The sentence imposed for the possession of the tainted monies

[15]As described at the commencement of these reasons, the Supreme Court convicted and sentenced the appellant to imprisonment for three years for the supply offence and imprisonment for five years for the possession of the tainted monies.  Those sentences were ordered to be served concurrently and backdated to 6 October 2017. 

[16]This is not a case in which the tainted monies were derived from the supply for which the appellant was also sentenced.  The appellant attended at the Darwin depot and took possession of 15 pounds of cannabis.  That was the conduct giving rise to the supply offence.  Police subsequently searched the appellant’s residence and found a further $28,800 in cash in the appellant’s possession which was the proceeds of previous sales of cannabis by him.[2]  That possession was the conduct giving rise to the offence of possessing tainted monies.  The only commonality between those offences was that they both involved the supply of cannabis which the appellant had received from the first co-offender on different occasions.

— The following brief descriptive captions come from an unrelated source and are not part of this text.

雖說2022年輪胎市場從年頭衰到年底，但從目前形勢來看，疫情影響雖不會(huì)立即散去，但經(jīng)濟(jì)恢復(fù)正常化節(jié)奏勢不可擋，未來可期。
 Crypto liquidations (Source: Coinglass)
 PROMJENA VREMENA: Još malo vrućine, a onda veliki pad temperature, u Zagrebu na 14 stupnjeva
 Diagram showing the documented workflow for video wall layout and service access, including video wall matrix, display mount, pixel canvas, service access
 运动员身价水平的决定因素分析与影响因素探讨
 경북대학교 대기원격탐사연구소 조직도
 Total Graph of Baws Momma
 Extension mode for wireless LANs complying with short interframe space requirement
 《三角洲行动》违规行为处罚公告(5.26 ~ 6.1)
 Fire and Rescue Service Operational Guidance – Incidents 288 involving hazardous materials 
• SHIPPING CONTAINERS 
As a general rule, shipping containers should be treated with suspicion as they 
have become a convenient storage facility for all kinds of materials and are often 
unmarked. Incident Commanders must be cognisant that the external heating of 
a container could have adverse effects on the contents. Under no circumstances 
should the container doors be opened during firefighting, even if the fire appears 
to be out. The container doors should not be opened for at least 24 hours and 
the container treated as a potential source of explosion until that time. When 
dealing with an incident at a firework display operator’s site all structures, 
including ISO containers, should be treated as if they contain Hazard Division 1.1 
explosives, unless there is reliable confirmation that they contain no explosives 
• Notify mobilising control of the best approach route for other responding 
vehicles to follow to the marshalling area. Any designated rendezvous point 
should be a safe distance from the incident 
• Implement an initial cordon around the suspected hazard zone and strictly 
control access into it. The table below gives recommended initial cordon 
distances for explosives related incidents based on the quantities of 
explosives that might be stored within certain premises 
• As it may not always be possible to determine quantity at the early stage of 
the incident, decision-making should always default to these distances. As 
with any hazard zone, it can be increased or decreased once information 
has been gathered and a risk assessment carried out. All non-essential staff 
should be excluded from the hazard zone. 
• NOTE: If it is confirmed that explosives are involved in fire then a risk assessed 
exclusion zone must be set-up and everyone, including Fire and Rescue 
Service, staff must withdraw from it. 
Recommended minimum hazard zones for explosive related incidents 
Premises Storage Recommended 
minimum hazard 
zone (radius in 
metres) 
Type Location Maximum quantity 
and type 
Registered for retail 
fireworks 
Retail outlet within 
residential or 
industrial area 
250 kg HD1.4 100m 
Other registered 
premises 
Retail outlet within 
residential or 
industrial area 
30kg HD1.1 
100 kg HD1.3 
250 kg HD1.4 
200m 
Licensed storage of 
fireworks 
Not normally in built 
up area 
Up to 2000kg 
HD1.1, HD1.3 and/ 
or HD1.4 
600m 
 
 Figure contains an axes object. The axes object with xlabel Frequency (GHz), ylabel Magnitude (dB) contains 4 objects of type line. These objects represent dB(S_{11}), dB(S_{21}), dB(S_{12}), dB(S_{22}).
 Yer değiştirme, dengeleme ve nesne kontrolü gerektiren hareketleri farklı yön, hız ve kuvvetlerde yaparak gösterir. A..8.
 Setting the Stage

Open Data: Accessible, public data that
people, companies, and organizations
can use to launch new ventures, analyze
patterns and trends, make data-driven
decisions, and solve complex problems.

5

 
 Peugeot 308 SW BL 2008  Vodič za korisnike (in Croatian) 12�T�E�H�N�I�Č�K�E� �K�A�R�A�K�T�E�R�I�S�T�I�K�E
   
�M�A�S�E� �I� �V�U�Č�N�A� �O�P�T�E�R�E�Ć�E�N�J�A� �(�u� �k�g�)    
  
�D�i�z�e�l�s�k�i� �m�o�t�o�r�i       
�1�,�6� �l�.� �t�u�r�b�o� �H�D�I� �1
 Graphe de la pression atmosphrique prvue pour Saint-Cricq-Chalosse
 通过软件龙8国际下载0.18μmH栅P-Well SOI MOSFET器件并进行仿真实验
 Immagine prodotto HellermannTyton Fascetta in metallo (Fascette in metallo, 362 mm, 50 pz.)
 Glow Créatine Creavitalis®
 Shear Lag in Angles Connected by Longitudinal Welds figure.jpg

[17]The sentencing facts are inscrutable in relation to a number of factors which might ordinarily be considered in assessing the objective seriousness of an offence against s 8(1) of the Misuse of Drugs Act.  Only the bare amount of the monies involved is known, together with the fact that they were derived from the sale of cannabis by the appellant.  The facts do not disclose the number of transactions, the period over which those transactions occurred, the nature of the operation which generated the monies, or the offender’s specific role in that operation.  Those uncertainties notwithstanding, the fixing of a proportionate sentence for the offence involving the tainted monies requires some comparison, in the manner discussed in Thorn v The Queen[3], with the sentence which might be fixed for the criminal conduct by which those proceeds were derived.  That is a hypothetical comparison given that the appellant has not been charged with any criminal offence in relation to the supply of the cannabis by which the $28,800 was derived. 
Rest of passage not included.